#### ASSIGNED TASK:
Retype, word for word, the lines from the first line of the entries through the line that holds "doitsu hetalia hetalia:_axis_powers"; leave out the pictures.

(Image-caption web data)
[Start of section]
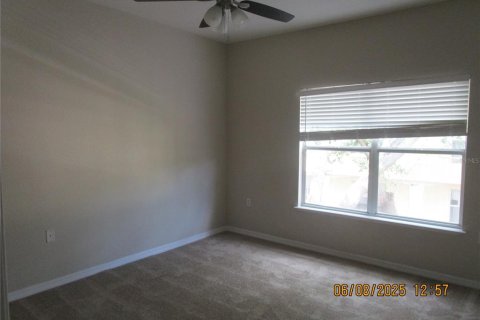 Copropriété à vendre à Maitland, Floride: 2 chambres, 118.91 m2 № 1797849 - photo 12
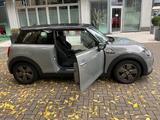 MINI Resolute Editon Pano/Navi/Sportsitze - MINI Cooper SE: Kleinwagen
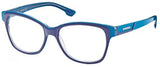 Diesel 5013 Eyeglasses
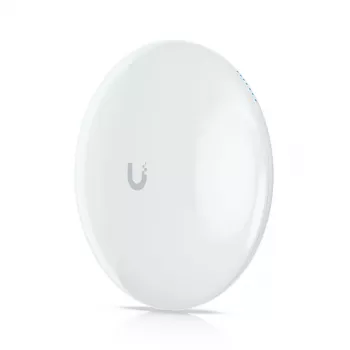 Ubiquiti UDB-Pro ponte di rete 866,7 Mbit/s bianco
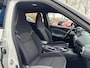 Nissan Juke 1.0 DIG-T N-Design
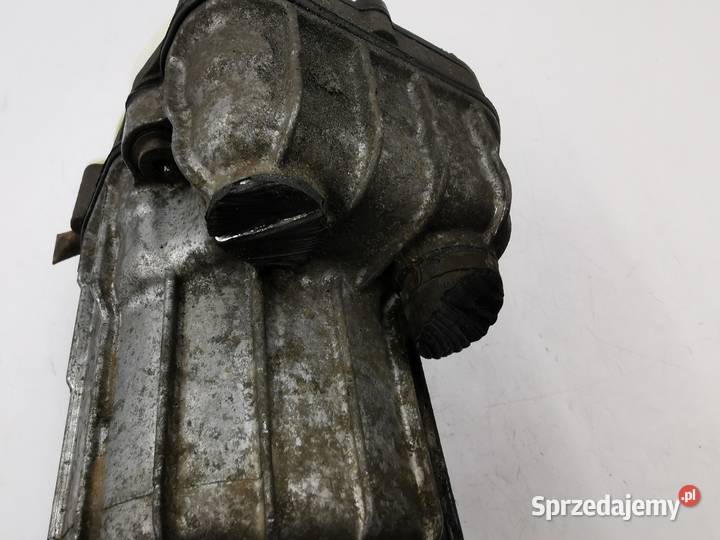 Elektryczna Pompa Wspomagania Opel Astra H sprzedam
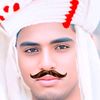 hidar.ali719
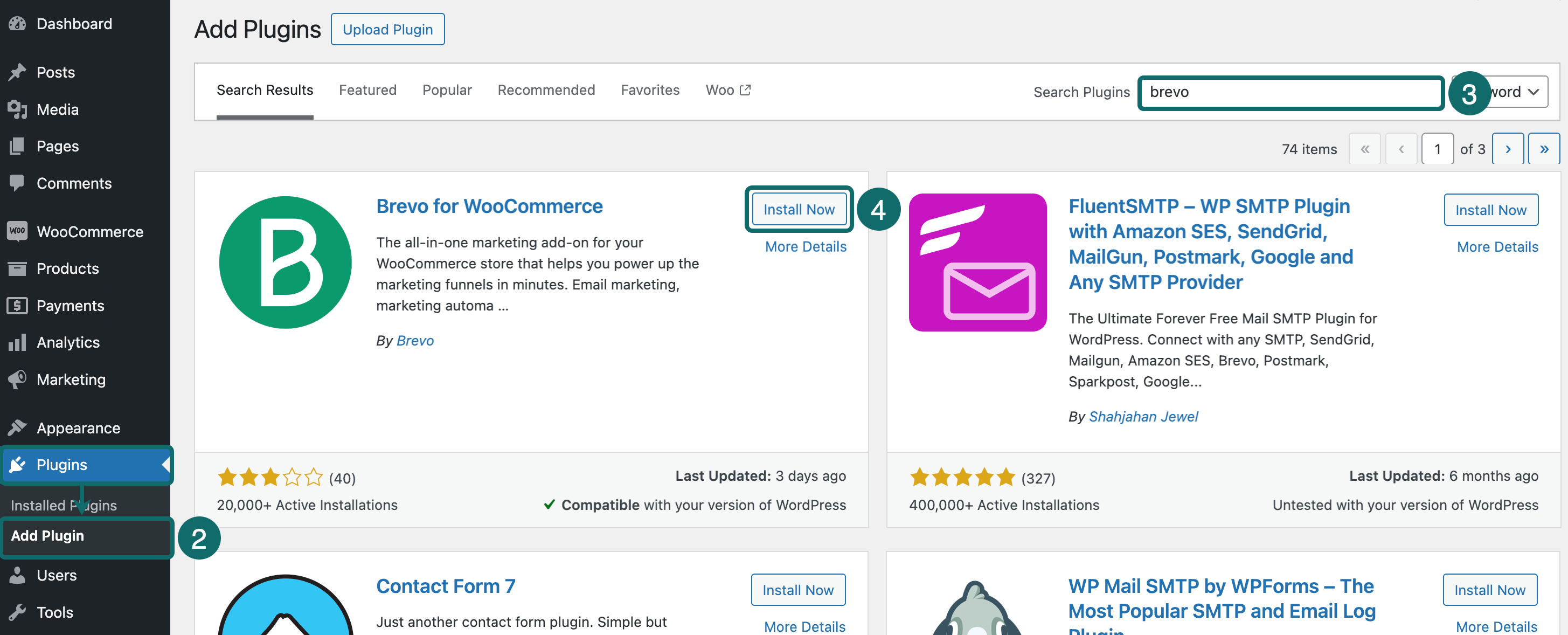 woocommerce_install-plugin_en-us.png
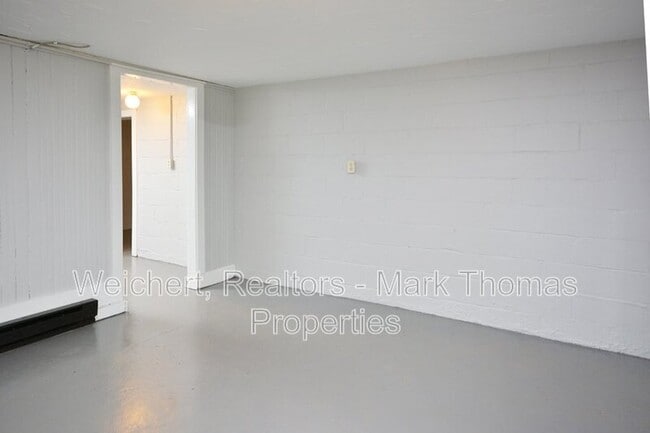 Building Photo - 1150 Shelton Rd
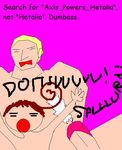  doitsu hetalia hetalia:_axis_powers hetalia_axis_powers hetaria itaria 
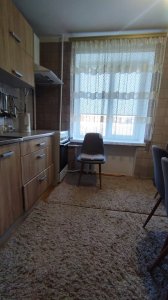 ������ 2 ʳ������ �������� �-�. 23 ����� ֳ�� 14000+��.�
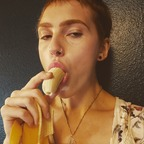 mamatriedtoraisemebetter (Sam Barker) OF Leaked Content [!NEW!] profile picture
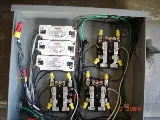 Advanced Electrical Inc. photo 8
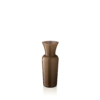 Profili - Sword Lily - small - Coffee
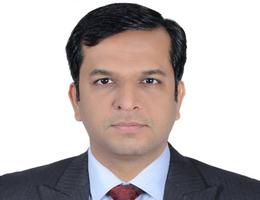 Agent NARESH KUMAR NARWANI RAMESH NARWANI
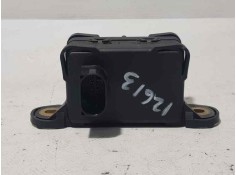 Recambio de sensor para ssangyong rodius xdi limited referencia OEM IAM 4896009000 06211702743 ATE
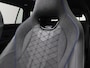 Volkswagen Tayron 1.5 eHybrid R-Line Edition 272PK DSG Head-Up Display, Harman Kardon Audio, Panoramadak, Trekhaak, 360gr. Camera, Black Style, Navi, 20" LM Velgen,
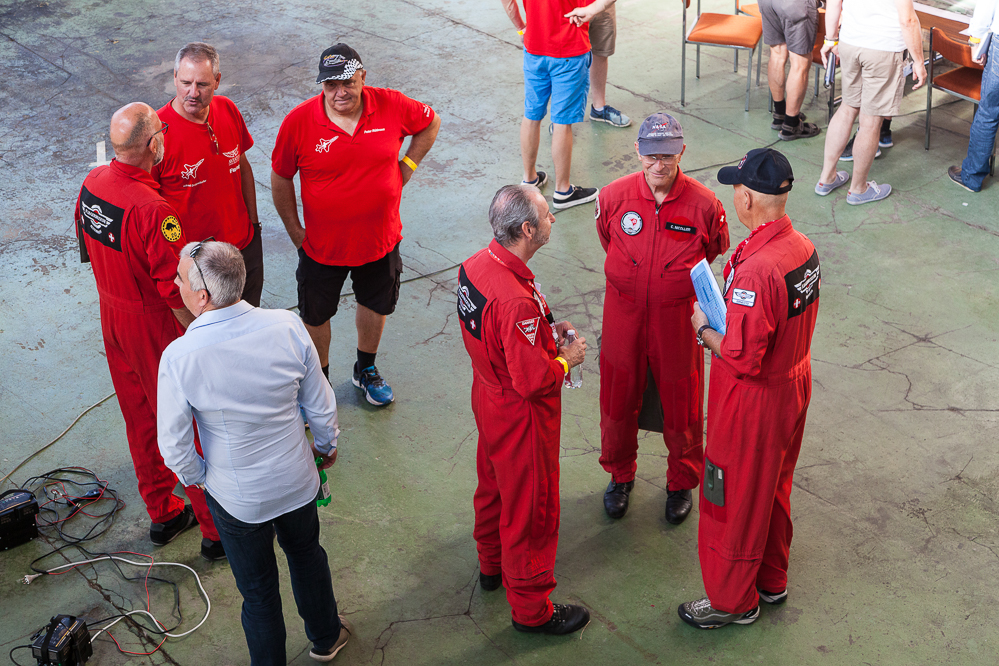 ar_2019_009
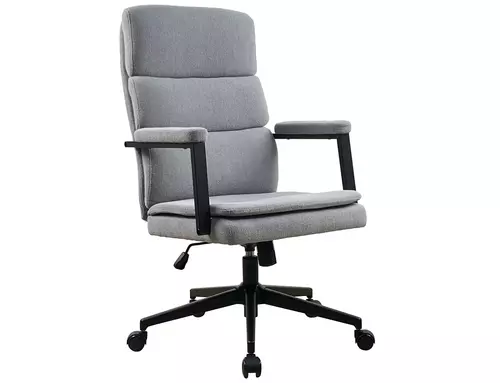 Fotel obrotowy Q-090 1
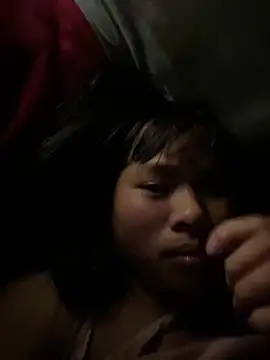 Nika-be online show from February 6, 2026, 2:02 pm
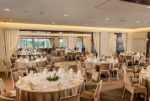 Kemer Country Club Kır Düğünü Fiyatları İstanbul Eyüp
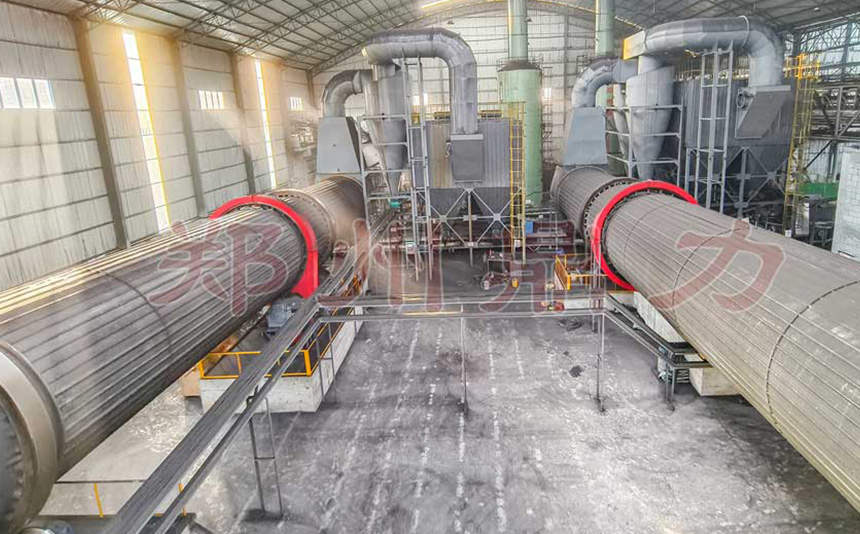 ú���əC(j��)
[End of section]
#### YOUR RESPONSE:
 Copropriété à vendre à Maitland, Floride: 2 chambres, 118.91 m2 № 1797849 - photo 12
 MINI Resolute Editon Pano/Navi/Sportsitze - MINI Cooper SE: Kleinwagen
 Diesel 5013 Eyeglasses
 Ubiquiti UDB-Pro ponte di rete 866,7 Mbit/s bianco
 Nissan Juke 1.0 DIG-T N-Design
 Elektryczna Pompa Wspomagania Opel Astra H sprzedam
 hidar.ali719
 woocommerce_install-plugin_en-us.png
 Building Photo - 1150 Shelton Rd
  doitsu hetalia hetalia:_axis_powers hetalia_axis_powers hetaria itaria 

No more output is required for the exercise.